A couple days ago, I got a DM from a #Bonfire user. I happily replied and sent a follow request—but the Accept never came back, even though they hadn't enabled manuallyApprovesFollowers. My DM reply probably never arrived either. Classic interop bug.

I checked out the Bonfire source and dug in. Turns out Bonfire hasn't implemented RFC 9421 yet, so it was silently discarding any activity signed with it. That alone would be workable, except for one more issue: Bonfire was responding 200 OK even when signature verification failed, instead of 401 Unauthorized.
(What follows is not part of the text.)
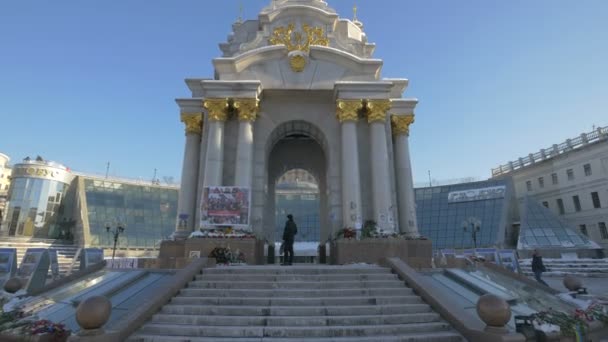 Denkmal Fuß Des Unabhängigkeitsdenkmals — Stockvideo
This matters because Fedify implements a double-knocking mechanism—if a request signed with RFC 9421 fails, it retries with the older draft cavage signature. But since Bonfire returned 200 OK on the failed first knock, #Fedify had no reason to send a second one.

I filed two issues on the Bonfire #ActivityPub repo—one requesting RFC 9421 support, and one about returning 401 on invalid signatures. For the latter, I also sent a PR, which got merged pretty quickly: bonfire-networks/activity_pub#9.
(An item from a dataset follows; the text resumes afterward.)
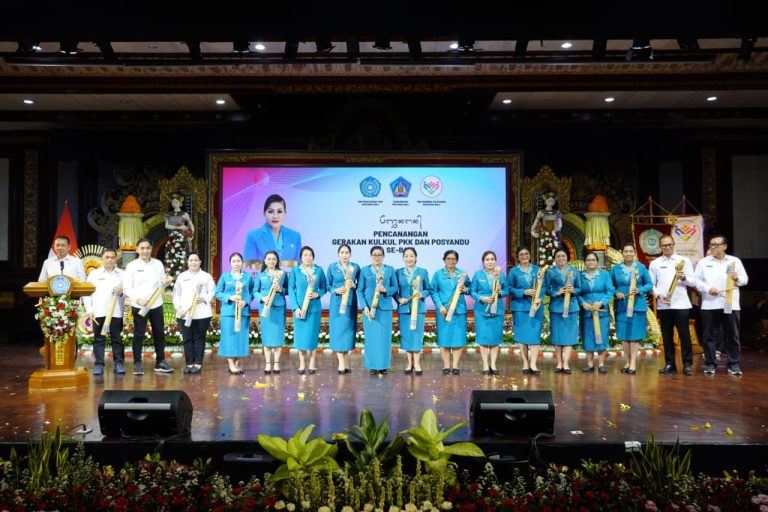 Gotong Royong dan Kebersihan Dimulai dari Rumah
That said, individual Bonfire instances won't pick up the fix until they actually deploy it. So in the meantime, I patched Hollo and Hackers' Pub to use draft-cavage-http-signatures-12 as the firstKnock, so Bonfire instances can at least understand the first request.

One last thing: Fedify caches whether a given server supports RFC 9421, and the Bonfire servers I'd already talked to were cached as “supports RFC 9421”—because they'd been returning 200 OK. I had to manually clear that cache on both hollo.social and hackers.pub before everything finally worked.

After all that, the mutual follow went through and my DM reply landed. Worth it.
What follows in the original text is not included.